Des journalistes emmenés vers une destination inconnue
Alors qu’il s’apprêtait à diriger la conférence de rédaction quotidienne, Ousséni Ilboudo, directeur des rédactions de L’Observateur Paalga, a été interpellé par des hommes en civil. Le journal a annoncé sur sa page Facebook que son responsable avait été « embarqué à bord d’une fourgonnette vers une destination inconnue ». Depuis, plus aucune nouvelle.
Peu avant, Michel Wendpouiré Nana, rédacteur en chef adjoint du quotidien Le Pays, avait lui aussi été enlevé, selon un de ses proches. Les deux journaux, piliers de la presse indépendante burkinabè, dénoncent une opération d’intimidation visant à museler la liberté d’expression.

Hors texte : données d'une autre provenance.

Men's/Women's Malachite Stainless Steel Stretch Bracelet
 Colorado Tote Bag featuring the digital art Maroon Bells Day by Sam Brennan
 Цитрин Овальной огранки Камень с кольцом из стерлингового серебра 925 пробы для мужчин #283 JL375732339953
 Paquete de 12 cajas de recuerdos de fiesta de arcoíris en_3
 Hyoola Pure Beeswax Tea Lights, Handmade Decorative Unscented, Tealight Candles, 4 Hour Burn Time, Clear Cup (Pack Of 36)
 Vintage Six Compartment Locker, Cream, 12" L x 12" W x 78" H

L’organisation Reporters sans frontières (RSF) a immédiatement condamné ces interpellations, exigeant la libération des journalistes disparus. « Plus rien ne semble désormais freiner les autorités militaires, qui poursuivent leur entreprise de démantèlement de la liberté de la presse », a réagi Sadibou Marong, directeur du bureau Afrique subsaharienne de RSF.
Trois magistrats « disparus » à leur tour
L’affaire ne s’arrête pas aux médias. Trois magistrats de la cour d’appel de Ouagadougou ont également été « enlevés » ou sont « portés disparus » depuis la fin de la semaine dernière. Parmi eux, Urbain Méda, connu pour avoir présidé des audiences lors du procès historique de l’assassinat du président Thomas Sankara.
Deux autres magistrats, Benoît Zoungrana et Seydou Sanou, ont respectivement été enlevés et portés disparus entre vendredi et dimanche. Une source judiciaire évoque également la disparition de l’avocat Arnaud Sempébré, dont les proches sont sans nouvelles. C’est la première fois que des magistrats sont ainsi enlevés au Burkina Faso, marquant un tournant inquiétant pour la justice et l’État de droit.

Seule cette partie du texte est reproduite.